Il Pd non è alla sua nascita, come
taluni credono, la riedizione in formato ridotto del “compromesso
storico” (lontani i tempi di ferro e di fuoco che videro la proposta
politicamente dignitosa, anche se puramente difensiva, di Enrico
Berlinguer) ma un grave errore strategico nel fronteggiare, in assenza
di un quadro normativo capace d’impedirlo o almeno di contenerlo,
l’attacco da parte del neopopulismo mediatico berlusconiano. Mentre
resta vero che soltanto alleanze ampie possono reggere l’impatto con il
populismo grazie a una varietà di culture democratiche al loro interno, è
falso che a questo ci si possa opporre con un partito unico
dall’identità introvabile, che riproduce per giunta in maniera
simmetrica, moltiplicandoli, quei personalismi che nel populismo si
esprimono più facilmente in un personalismo solo.
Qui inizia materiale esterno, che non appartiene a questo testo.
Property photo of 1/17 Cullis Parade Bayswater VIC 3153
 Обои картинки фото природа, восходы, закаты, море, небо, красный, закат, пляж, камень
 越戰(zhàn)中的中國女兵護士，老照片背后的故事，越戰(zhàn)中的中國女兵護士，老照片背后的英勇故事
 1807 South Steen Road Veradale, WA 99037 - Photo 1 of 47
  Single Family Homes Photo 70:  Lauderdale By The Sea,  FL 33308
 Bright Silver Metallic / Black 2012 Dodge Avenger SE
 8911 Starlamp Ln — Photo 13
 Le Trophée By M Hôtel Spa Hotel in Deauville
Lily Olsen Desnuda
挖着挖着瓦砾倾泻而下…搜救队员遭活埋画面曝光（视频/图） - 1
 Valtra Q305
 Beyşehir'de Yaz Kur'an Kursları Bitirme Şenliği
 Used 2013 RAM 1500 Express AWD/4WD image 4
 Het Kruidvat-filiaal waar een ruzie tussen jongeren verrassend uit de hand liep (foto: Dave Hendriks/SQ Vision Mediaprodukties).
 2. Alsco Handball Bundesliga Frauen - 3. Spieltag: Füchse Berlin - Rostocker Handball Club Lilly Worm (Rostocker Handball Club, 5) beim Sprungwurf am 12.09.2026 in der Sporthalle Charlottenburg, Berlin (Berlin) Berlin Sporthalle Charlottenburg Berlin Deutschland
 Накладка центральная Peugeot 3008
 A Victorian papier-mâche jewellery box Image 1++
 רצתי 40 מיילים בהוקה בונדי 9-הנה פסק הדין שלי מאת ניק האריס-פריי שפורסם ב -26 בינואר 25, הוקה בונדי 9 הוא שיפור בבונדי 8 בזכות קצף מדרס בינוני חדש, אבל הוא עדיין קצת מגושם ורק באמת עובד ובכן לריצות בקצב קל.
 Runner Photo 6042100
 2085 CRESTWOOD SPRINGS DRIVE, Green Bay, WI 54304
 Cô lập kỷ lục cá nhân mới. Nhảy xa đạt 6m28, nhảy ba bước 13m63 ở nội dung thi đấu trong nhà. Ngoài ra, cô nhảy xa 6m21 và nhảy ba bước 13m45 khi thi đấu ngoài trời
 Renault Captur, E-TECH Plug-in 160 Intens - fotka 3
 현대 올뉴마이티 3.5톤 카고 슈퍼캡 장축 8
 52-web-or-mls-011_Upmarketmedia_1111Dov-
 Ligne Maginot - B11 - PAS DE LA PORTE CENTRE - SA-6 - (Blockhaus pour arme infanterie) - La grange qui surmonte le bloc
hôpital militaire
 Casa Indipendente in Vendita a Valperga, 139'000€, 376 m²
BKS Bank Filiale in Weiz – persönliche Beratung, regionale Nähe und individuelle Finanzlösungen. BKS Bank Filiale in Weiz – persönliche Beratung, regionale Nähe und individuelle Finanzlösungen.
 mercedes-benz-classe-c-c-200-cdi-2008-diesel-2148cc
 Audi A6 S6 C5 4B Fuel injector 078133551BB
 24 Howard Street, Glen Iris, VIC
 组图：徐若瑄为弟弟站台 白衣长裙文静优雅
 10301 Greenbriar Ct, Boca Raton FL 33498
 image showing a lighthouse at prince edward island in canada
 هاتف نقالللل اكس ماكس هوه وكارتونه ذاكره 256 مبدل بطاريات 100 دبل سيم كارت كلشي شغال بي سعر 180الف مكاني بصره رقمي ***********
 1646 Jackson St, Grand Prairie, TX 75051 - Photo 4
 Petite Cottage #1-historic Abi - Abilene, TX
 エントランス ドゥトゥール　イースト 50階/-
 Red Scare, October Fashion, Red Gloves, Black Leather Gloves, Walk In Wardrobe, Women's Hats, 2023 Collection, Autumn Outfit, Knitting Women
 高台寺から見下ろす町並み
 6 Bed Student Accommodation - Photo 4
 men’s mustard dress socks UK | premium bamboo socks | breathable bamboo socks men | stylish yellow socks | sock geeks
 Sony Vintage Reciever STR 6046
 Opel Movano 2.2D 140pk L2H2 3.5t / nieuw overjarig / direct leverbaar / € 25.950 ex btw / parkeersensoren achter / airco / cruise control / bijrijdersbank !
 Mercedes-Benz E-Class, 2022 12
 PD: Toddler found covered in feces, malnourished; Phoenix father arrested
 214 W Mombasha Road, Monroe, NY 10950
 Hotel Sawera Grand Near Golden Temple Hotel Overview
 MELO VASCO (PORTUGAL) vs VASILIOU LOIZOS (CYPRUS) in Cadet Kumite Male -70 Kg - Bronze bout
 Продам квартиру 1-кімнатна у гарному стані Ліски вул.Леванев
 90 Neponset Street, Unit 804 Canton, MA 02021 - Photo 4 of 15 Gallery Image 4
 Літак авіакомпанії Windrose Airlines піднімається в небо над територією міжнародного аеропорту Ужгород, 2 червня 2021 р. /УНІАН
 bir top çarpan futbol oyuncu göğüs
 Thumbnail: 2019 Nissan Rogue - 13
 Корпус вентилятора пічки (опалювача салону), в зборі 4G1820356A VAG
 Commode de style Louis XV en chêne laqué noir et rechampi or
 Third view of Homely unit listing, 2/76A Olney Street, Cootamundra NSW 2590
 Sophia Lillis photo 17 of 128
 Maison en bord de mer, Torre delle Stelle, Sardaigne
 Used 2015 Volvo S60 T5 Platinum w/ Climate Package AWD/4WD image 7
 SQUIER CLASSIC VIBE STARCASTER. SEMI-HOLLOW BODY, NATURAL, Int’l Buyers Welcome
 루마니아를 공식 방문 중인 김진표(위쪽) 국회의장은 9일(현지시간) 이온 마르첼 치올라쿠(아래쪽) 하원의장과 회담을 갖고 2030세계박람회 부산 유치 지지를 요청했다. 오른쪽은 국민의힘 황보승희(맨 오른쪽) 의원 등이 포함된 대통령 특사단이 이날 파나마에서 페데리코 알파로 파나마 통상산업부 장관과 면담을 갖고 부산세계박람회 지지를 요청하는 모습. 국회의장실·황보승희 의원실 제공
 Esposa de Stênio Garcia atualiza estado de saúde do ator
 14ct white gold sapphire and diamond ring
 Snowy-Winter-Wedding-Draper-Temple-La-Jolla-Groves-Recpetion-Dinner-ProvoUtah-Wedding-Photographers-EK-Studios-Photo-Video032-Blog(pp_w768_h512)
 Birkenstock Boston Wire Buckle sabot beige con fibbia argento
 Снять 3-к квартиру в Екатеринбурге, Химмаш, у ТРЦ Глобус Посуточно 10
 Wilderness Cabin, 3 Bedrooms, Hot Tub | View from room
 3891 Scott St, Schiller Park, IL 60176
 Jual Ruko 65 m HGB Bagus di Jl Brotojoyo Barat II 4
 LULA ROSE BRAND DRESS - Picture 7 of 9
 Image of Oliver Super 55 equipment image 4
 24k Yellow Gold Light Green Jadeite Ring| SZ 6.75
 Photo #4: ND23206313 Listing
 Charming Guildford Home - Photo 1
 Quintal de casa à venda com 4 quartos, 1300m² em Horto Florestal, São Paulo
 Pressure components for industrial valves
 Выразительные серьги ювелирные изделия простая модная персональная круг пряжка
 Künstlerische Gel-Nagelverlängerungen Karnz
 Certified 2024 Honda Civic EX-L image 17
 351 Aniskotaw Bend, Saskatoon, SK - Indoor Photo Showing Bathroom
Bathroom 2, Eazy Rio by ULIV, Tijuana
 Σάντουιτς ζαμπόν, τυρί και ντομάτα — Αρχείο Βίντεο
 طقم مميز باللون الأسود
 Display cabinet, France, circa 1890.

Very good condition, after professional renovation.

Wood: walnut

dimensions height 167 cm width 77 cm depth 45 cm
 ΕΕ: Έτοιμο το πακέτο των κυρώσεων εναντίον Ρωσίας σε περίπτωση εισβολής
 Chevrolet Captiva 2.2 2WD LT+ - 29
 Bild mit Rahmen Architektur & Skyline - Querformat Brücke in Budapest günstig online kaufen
Di qui un’inclinazione
a rincorrere l’avversario sul suo terreno, nella illusione che alla
fine il leader “giusto” possa avere la meglio su quello opposto. Ma
questo leader non c’è, mentre solo la paziente tessitura di un programma
politico alternativo può contrastare la deformazione della democrazia
di cui la sindrome populistica è il sintomo. La capacità di presa del
populismo, del resto, non è data soltanto da una malìa nella
comunicazione politica, condotta all’estremo nell’uso che Berlusconi ha
fatto delle televisioni o in quello che della rete oggi fa Grillo; è
resa possibile soprattutto dalla eclissi della sinistra che, perdendo la
propria ragione sociale e gli interessi di riferimento (il che è anche
il portato storico di un avvenuto mutamento, del fatto per esempio che
oggi i variegatissimi ceti medi, anziché gli operai e i contadini, sono
il terreno elettorale privilegiato della sinistra), li lascia alla mercé
di qualsiasi vento antipolitico.
In questa situazione si può prevedere
che il Pd renziano neppure sarà in grado di recuperare quel quattro o
cinque per cento di voti che, nelle ultime settimane della campagna
elettorale di un anno fa, si spostò secondo gli osservatori dal Pd di
Bersani al movimento di Grillo. Il Renzi di governo è destinato a
perdere l’allure antipolitica di cui, in concorrenza con il
neoqualunquismo grillino, aveva fatto mostra nella sua scalata. La
scissione quindi in questo caso non sarebbe, come nei vecchi partiti
socialisti, qualcosa di mortifero ma un soprassalto di vitalità, quello
che soltanto un organismo in parte ancora sano saprebbe mettere in atto.
C’è infatti qualcosa di peggiore di una scissione – una vera e propria
implosione – che l’apertura del cantiere di una sinistra né moderata né
radicale, semplicemente di una sinistra, potrebbe scongiurare.